*ABOUT THIS TASK:*
Write the entries out exactly, with the final line being the one containing "Kit Only Image".

*DATA PROVIDED:*
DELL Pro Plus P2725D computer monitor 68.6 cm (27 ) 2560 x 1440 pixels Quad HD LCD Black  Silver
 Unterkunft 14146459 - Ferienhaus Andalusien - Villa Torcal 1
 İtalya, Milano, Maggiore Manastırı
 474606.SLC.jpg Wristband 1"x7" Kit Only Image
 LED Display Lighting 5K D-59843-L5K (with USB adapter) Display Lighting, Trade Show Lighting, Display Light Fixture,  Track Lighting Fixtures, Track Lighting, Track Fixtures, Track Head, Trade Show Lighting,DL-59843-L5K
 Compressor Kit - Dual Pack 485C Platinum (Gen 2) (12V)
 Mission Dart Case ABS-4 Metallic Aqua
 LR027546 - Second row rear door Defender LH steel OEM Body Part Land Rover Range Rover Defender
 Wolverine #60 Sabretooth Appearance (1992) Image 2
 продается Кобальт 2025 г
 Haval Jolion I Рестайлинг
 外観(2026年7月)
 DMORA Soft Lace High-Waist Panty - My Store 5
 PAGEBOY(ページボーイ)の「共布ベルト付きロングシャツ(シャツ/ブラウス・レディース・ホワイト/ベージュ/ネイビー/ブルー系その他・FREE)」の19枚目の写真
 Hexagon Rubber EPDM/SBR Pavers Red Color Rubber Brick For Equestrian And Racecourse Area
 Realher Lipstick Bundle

*REPLY:*
DELL Pro Plus P2725D computer monitor 68.6 cm (27 ) 2560 x 1440 pixels Quad HD LCD Black  Silver
 Unterkunft 14146459 - Ferienhaus Andalusien - Villa Torcal 1
 İtalya, Milano, Maggiore Manastırı
 474606.SLC.jpg Wristband 1"x7" Kit Only Image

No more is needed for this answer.